2023年4月23日日曜日

古代史と現代史

   私の生活圏が京都というよりも奈良文化圏であることは度々書いてきたが、そういうことから奈良の歴史、とりわけ奈良時代やそれ以前の古代史に自然に興味を持ち学ぶようになった。
 ところがロマンあふれる(はずの)古代史は、遺跡の破壊とそれに対する保存運動の歴史を抜きに語ることもできず、当然に成り行き上、近代史・現代史まで学ぶこととなった。

 また、いわゆる陵墓に指定されている古墳の被葬者と考古学的遺物の年代が矛盾する問題など、政治と学術的到達点の相違を賢明に理解・判断していかないと、ややもすれば古代史は、皇国史観、戦時体制に大いに寄与し、学問を素直に極めようとする者を「非国民」などといって暴力的に弾圧さえしてきたのもまた「歴史」だった。
 学術会議法改正法案の問題はここにある。

 現代、いわゆる従軍慰安婦など歴史的に存在しなかったかのような発言をする政治家がいる。
 「ある事実を直接知っている(見ていた)人々(世代)がこの世を去るとき歴史は大いに変更(修正)される」とは東大の史料編纂室編の本にある指摘であるが、そう思うと、日中戦争、太平洋戦争後78年、なぜ今学術会議法改正案なのかが見えてくるではないか。

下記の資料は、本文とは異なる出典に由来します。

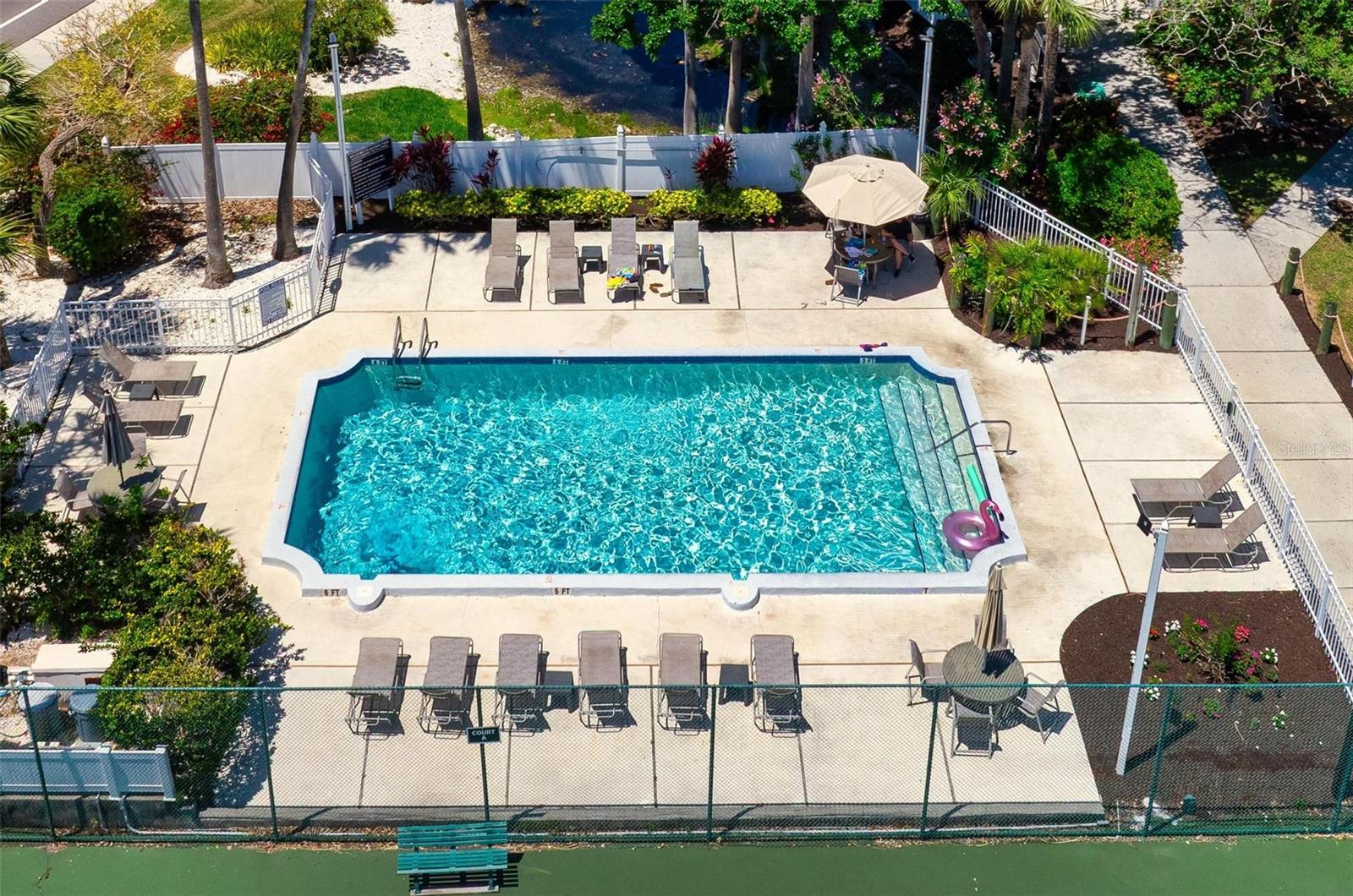 GULF & BAY CLUB BAYSIDE - Residential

 堂々公然たる事実なのになぜか蓋をされたかのような事実のほんの一端を書いてみると、古代史で避けて通れない平城宮跡の現代史になるのだが、1952年(昭和27年)朝鮮戦争下のそこに米軍のためのRRという施設が建造された。
 Rest and Recuperation Center とか言われるが、その施設の周辺が当時の言葉でいうパンパン宿、キャバレーとなり、売春婦が3000人を超えたという。
 それは勝手に生まれたのではなく、GHQの指示とはいえ、国や地方自治体も大いに参画し、女性たちには週1回の性病検査を行い、合格者には安全バッジを付けさせたとある。
 
 当然に周辺の街全体が荒み、学校の先生は早く登校して学校周辺のコンドームを片づけたりしたが、小学校ではパンパンごっこ遊びが流行ったと書かれている。

 学術会議法を見ていて、そんなことなどを考えた。写真は、平城京のいろんなことにも触れられている浜田博生氏の本。